Forget the formulaic string of hip-hop guest appearances required for crossover albums. Sean Paul mans the mike solo on most of the 18 tracks, featuring, in addition to Marshall’s star turn, a duet with rising Jamaican songbird Tami Chynn that makes you hope it won’t be their last.

Critics may argue that The Trinity doesn’t replicate the lightning bolt impact of Dutty Rock. But dancehall fans won’t care. The Trinity adds a little reasoning to Sean Paul’s usual bag of rhymes and rhythms — a welcome addition that will leave fans asking for more.

Kellie Magnus

Real enough

Da Real Live Thing Sizzla (VP Records)

For those who missed Sizzla’s Da Real Thing, VP Records has released an updated version of the artist’s 2002 star-making album. Not the concert album the title implies, Da Real Live Thing is what VP cheekily calls a “special edition”, featuring three bonus tracks, a DVD with concert performances, and an interview with the controversial artist.

Luckily, the album is worthy of a second coming. Da Real Live Thing is Sizzla at his best: more roots rock reggae than dancehall, more consciousness-raising than controversy. Classics like the inspirational “Solid As a Rock”, the hit “Thank You Mama” — a hymn to mothers in reggaeland — and the roots reggae anthem “Just One of Those Days (Dry Cry)” deserve a second shot at finding a wider audience. Too many of the Bobby Digital-produced tracks sound alike, but guest appearances by saxophonist Dean Fraser and veteran bassist Robbie Shakespeare add flavour.

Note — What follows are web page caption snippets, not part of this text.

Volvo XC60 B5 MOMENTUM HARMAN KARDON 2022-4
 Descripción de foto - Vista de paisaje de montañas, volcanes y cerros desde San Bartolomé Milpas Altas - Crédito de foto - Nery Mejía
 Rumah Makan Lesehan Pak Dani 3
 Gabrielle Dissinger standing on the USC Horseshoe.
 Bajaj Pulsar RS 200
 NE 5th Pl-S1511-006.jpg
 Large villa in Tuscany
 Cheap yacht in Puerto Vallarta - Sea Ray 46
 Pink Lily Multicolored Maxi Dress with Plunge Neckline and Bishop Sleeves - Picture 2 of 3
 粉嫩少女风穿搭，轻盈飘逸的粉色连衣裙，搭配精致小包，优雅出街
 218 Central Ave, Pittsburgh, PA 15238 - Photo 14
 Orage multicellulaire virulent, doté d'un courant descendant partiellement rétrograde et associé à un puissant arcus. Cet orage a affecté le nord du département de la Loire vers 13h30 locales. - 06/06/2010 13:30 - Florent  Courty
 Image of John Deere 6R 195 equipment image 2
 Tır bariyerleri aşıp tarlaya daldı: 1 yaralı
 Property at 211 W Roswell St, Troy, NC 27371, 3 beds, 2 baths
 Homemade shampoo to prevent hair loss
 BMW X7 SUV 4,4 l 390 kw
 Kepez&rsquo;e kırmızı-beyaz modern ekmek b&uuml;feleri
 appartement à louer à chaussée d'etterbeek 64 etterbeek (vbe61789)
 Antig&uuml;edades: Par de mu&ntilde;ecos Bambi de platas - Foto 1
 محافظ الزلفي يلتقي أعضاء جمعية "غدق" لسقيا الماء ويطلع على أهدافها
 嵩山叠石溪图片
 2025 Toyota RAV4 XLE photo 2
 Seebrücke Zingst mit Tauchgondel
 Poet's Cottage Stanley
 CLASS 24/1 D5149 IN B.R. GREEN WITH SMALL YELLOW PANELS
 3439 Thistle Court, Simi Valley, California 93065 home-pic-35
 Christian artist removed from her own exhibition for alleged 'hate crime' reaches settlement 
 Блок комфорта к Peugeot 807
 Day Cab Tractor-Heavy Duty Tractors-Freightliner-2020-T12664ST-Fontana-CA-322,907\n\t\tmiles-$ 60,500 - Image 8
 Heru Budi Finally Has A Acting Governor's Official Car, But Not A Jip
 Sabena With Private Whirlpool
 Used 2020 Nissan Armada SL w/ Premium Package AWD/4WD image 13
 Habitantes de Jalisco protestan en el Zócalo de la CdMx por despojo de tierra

The acoustic rendition of “Dry Cry” that closes the album almost justifies its existence, but you have to wonder why VP would rehash an album for an artist as prolific as Sizzla. Longtime fans may opt to wait for the real real thing — the artist’s next studio album or a real concert album that showcases his legendary performing flair. But for reggae lovers unfamiliar with Sizzla, Da Real Live Thing is well worth a listen.


Tunes for the tube

London Is the Place for Me 2 Various artists (Honest Jon’s Records)

Following on the heels of his first compilation of London-recorded calypso classics from the 1950s, here is Honest Jon’s second compilation, with a range extended to include some of the West African musicians who settled in the capital during the 1950s and 60s.

Grandmaster Kitch — whose topical kaiso sung from on board the Empire Windrush as it docked gave its name to the project — appears again with another classic, “My Wife’s Nightie” (to the accompaniment of the incomparable Fitzroy Coleman), and here is Lion in fine fettle singing his J’Ouvert anthem “Kalenda March”, alongside Young Tiger, the Lords Beginner and Timothy, and pan veteran Russ Henderson.

Alongside the Trini posse we also have the late, great Vincy trumpeter and flugelhorn player Shake Keane, and groups like the West African Rhythm Brothers and the West African Swing Stars (with one track featuring Ghanaian high-life king E.T. Mensah), providing a fascinating underground soundtrack to the shifting cultural life of the metropolis in this period.